According to Alberta government open data from 2019, the province expects to see almost 22 per cent growth in post-secondary enrolment in the Edmonton region from 2020 to 2028, a rate that will significantly outpace overall population growth.
Alberta is expected to see an increase of 53,000 to 113,000 18-to-25-year-olds from 2020 to 2030, creating a need for the province to accommodate 12 to 26 per cent more post-secondary students, or an additional 47,000 seats, according to a 2020 report from the University of Alberta Students’ Union.
MacEwan’s new facility will serve a growing number of business students, but also students in other faculties, who are all encouraged to be entrepreneurs.

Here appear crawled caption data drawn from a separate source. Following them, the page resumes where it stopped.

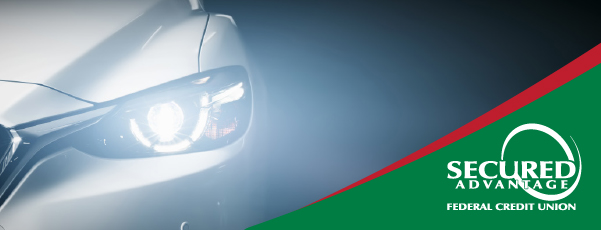 silver car with bright headlights shining with a red and green overlay in corner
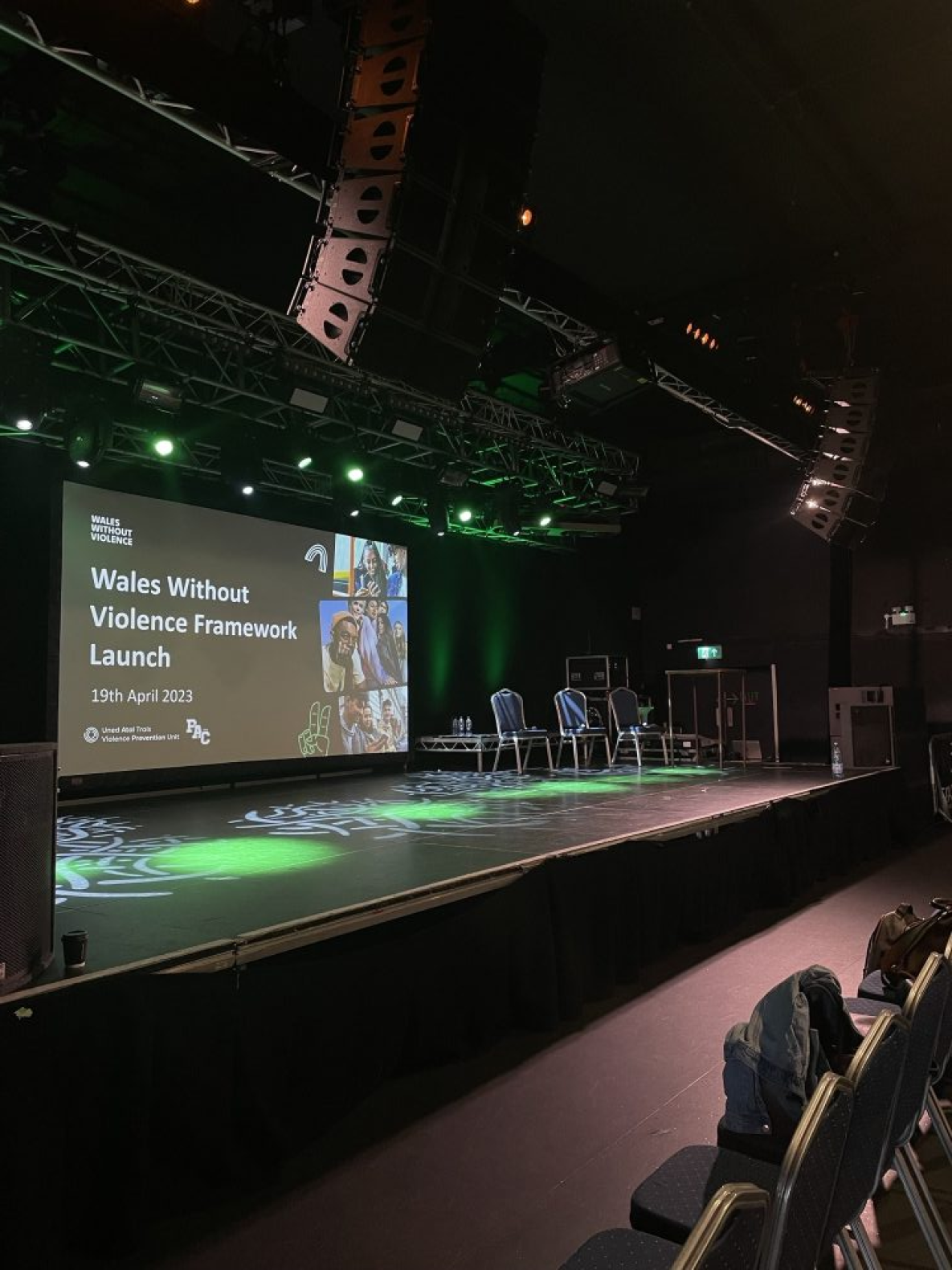 This image shows the stage with the slides ready for presentations. It includes the speakers chairs and green stage lights.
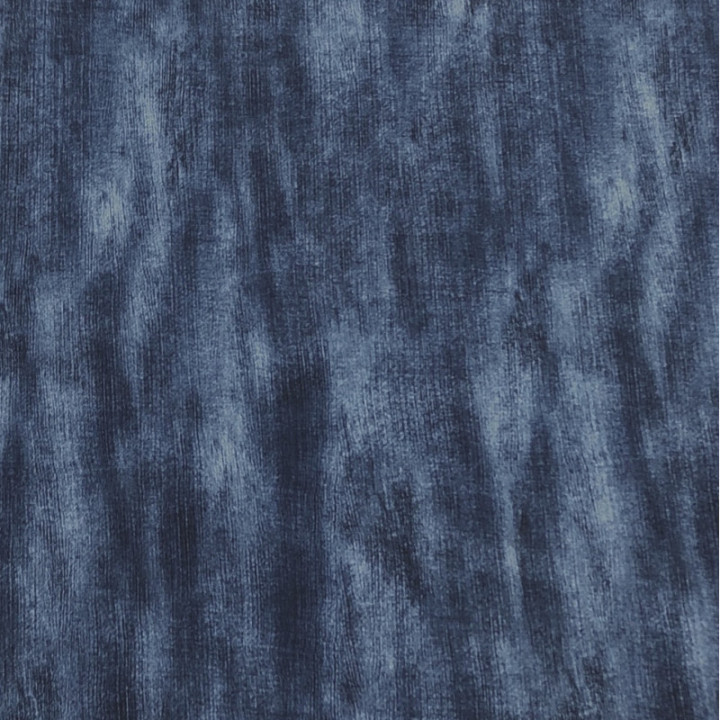 Denim color with a distressed feel on the navy blue print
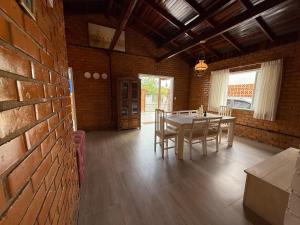a dining room with a table and chairs and a brick wall at Gastehaus Watzko in Piçarras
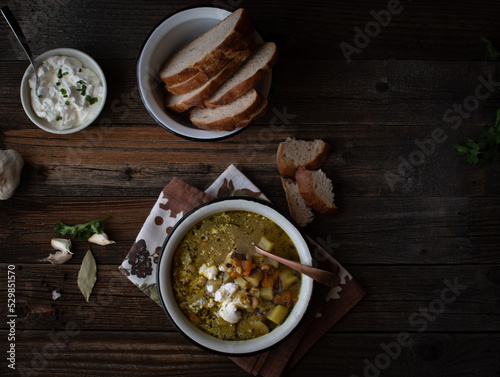 Vegetarian soup and bread in a rustic setting, enameled bowl. wooden table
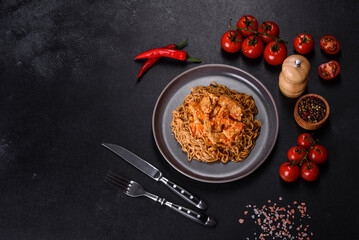 Thai noodle and chicken plate on a black concrete background with Chinese chopsticks and copy space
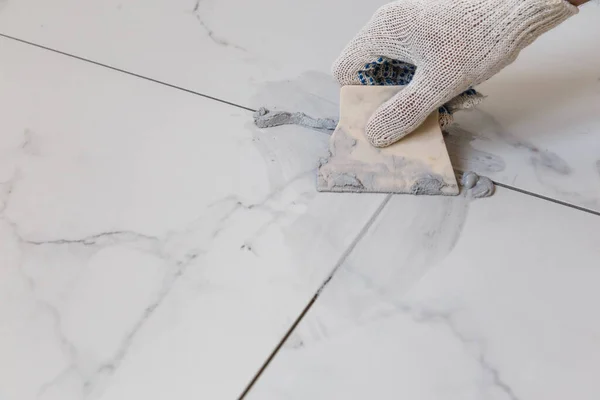 Rebocando azulejos costuras com uma espátula de borracha — Fotografia de Stock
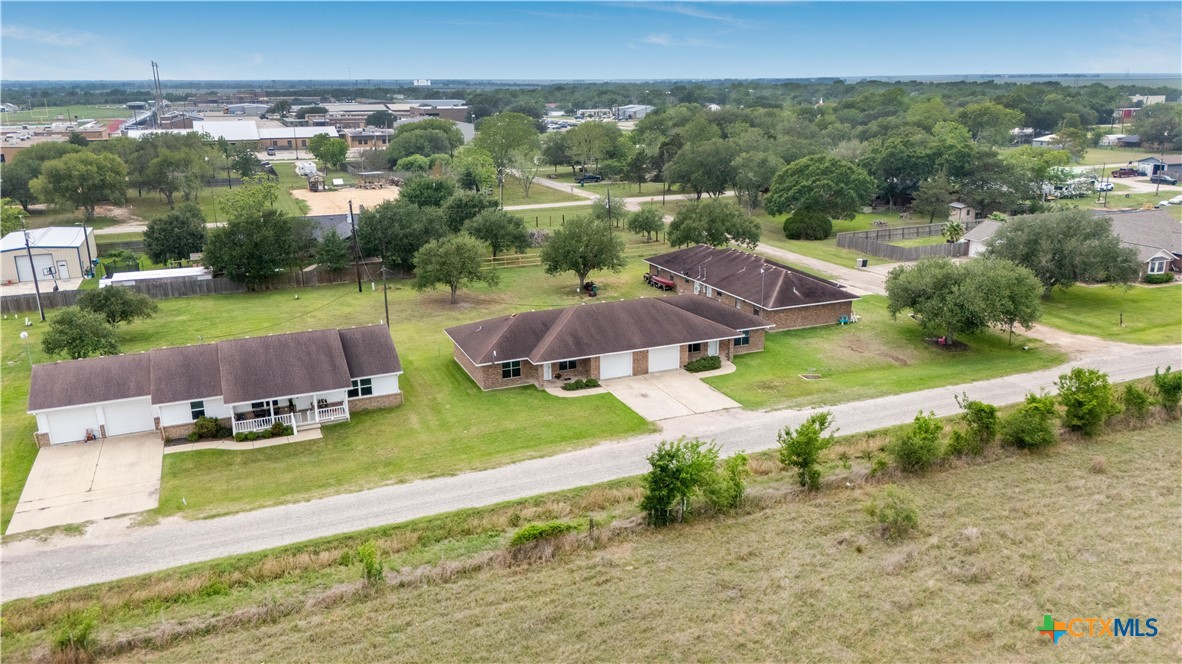 374-376 Navidad Street Vanderbilt, TX 77991 - Photo 23 of 28 an aerial view of a house with garden space and street view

“There is a high demand for business graduates and there is a high interest from students in taking business. Also at MacEwan, for example, our faculty of fine arts and communications – where we have musicians and artists – they learn as much about the business of their craft as the craft itself,” Trimbee says.

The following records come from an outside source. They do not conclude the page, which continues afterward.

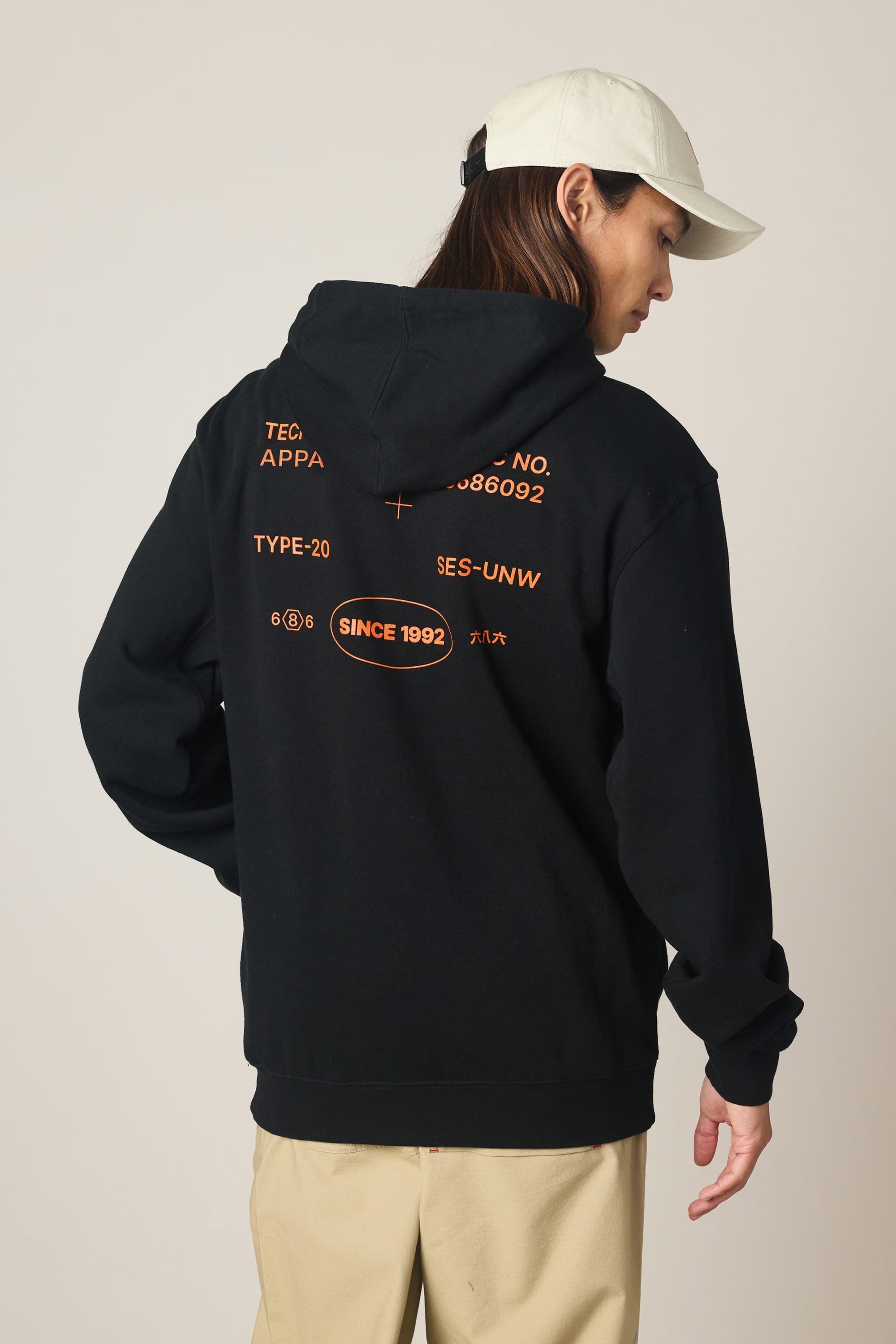 A person in a white cap and 686 Men's Unwork Spec Athletic LS Hoody stands facing away, showcasing the black sweatshirt’s orange text and graphics on the back. Beige pants complement the cotton hoody against a plain, light-colored background.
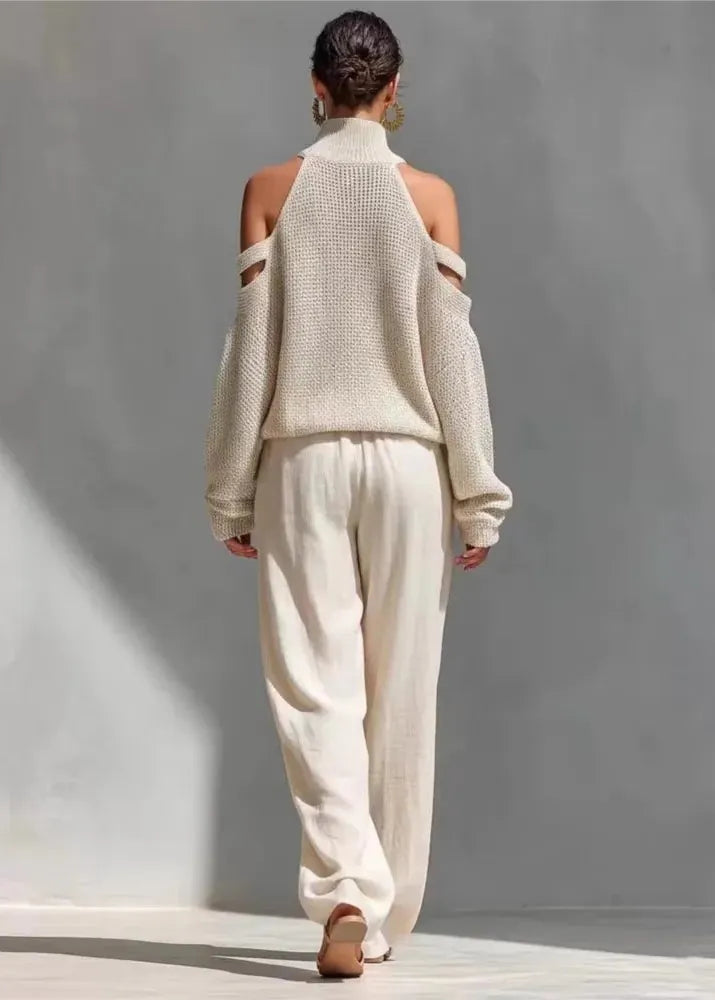 Person wearing a beige off-shoulder sweater and pants against a gray wall.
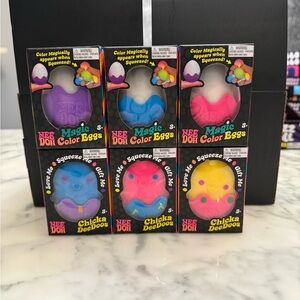 Nee Doh Magic Color Eggs Kids Squeeze Toy - Pink, Blue, Purple, Yellow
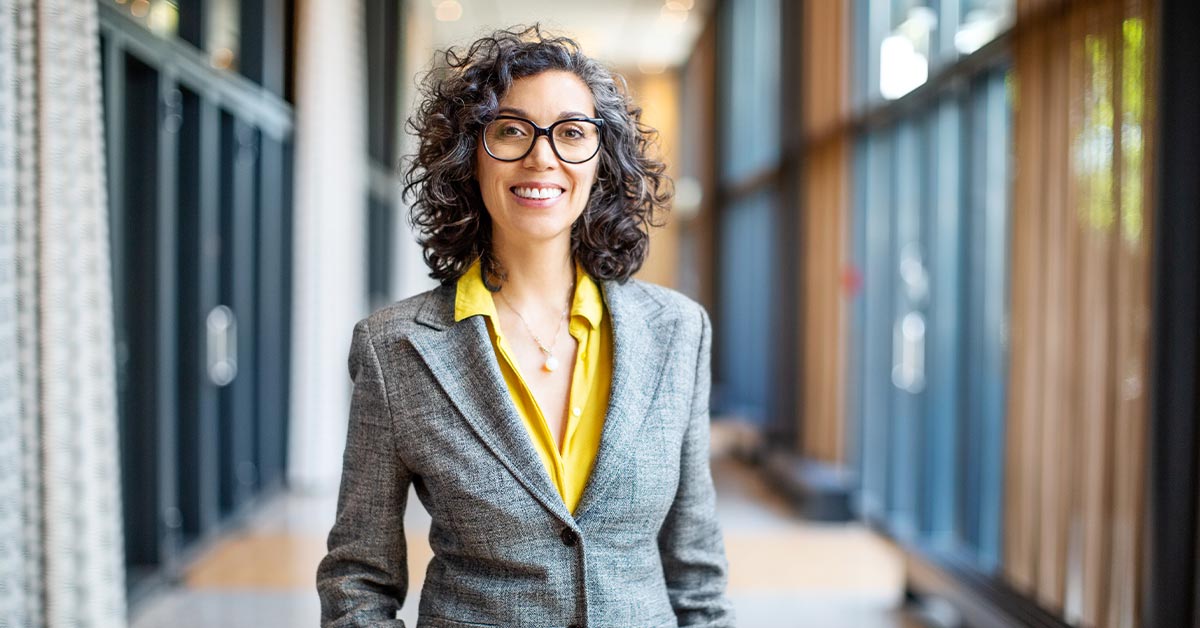 A professional woman in a business suit and glasses.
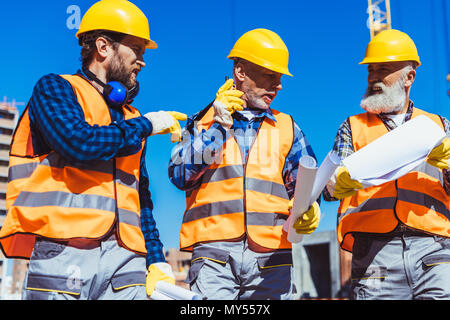 Three workers in reflective vests and hardhats walking together and discussing building plans Stock Photo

“It will be an integrated part of campus. It’s not just for business students.”
She said to expect “significant” construction activity this summer, with work starting on the road, bike lane and utilities. The building itself will start to go up in 2024, and it’s expected to open to students in 2027.
The university is pitching the School of Business as an innovation hub for Edmonton’s downtown that will bring new opportunities for collaboration with industry and community, and ultimately add vibrancy to the city’s core.
“We are key to the revitalization of downtown. We bring about 20,000 people a day downtown,” Trimbee says. “I like to think of us as more than consumers. This is a place full of ideas, full of energy.”